Nurses' Unions - page 6

The topic of unionization has come up,lately, at work, and it got me wondering. So I'm hoping some of you nurses who are currently represented by unions could tell me what union you're with, and how... Read More

  1. by   Sheri257
    Quote from Shamira Aizza
    And spacenurse...I can only imagine the uproar if Unions were subject to the same scrutiny that hospitals are exposed to, and if Unions were expected to operate with razor thin profit margins under the same level of scrutiny. As it stands, unions have a far greater profit margin (considering they really offer very little), compared to the hospitals they exploit.
    Razor thin hospital profit margins? Really?

    Just as an example ... RN's are unionized at 25 Catholic Healthcare West hospitals in California.

    Yet net income was up $90 million in 2006 for a total of $438 million. It sure doesn't look like razor thin profit margins to me ...

    http://www.chwhealth.org/stellent/gr...ent/135150.pdf

    I see you're from Georgia where RN's make $24 an hour, on average. In my current California union job, I'm making $45 an hour.

    As far as I'm concerned, unions can profit as much as they want because they're certainly delivering on my behalf.

    Last edit by Sheri257 on Apr 27, '07
  2. by   Simplepleasures
    Who would you place your trust in to see to it that you are treated fairly, the CEO of the corporation or the Union? Simple really.
  3. by   Spidey's mom
    Quote from ingelein
    Who would you place your trust in to see to it that you are treated fairly, the CEO of the corporation or the Union? Simple really.
    It would depend on the CEO. Not fair to judge all CEO's as if they were wicked money-hungry anti-nurse meanies.

    We have a new CEO - I like her. So far. She has good ideas for our small rural hospital which is hemorrhaging $$. Her last job in Montana was as a CEO and she turned that hospital around.

    When one of the docs interviewed her, he asked her how to retain nurses here. She said "pay them more".

    Granted it has only been a month or so . . . . . I'm not wearing blinders. But still, I'd like to give her the benefit of the doubt.

    As to unions, I just disagree on principle. I am a professional nurse and can stand up for myself.

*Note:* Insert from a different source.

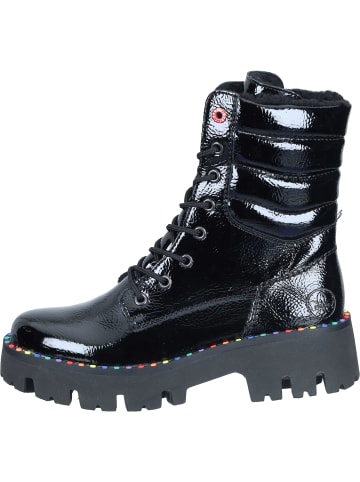 rieker Schnürstiefeletten in black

    The last time a union came up here to recruit, it was SEIU . . . .they showed up looking like they belonged to the mafia and had on big diamond rings (union dues?) . . . and we are a rural farming/logging community. We all had a giggle over that. The nurses voted the union down.

    steph
  4. by   Suedern
    any person with commen since know that their are bad companies and good companies. bad ones put money before adequate care, safe care, and and keeping their employees work enviroment a safe and healthy place to work. and of course good companies actually make a profit because of less turn over, and shorter stays, and a mirad of other reasons mentioned throughout these threads and articles.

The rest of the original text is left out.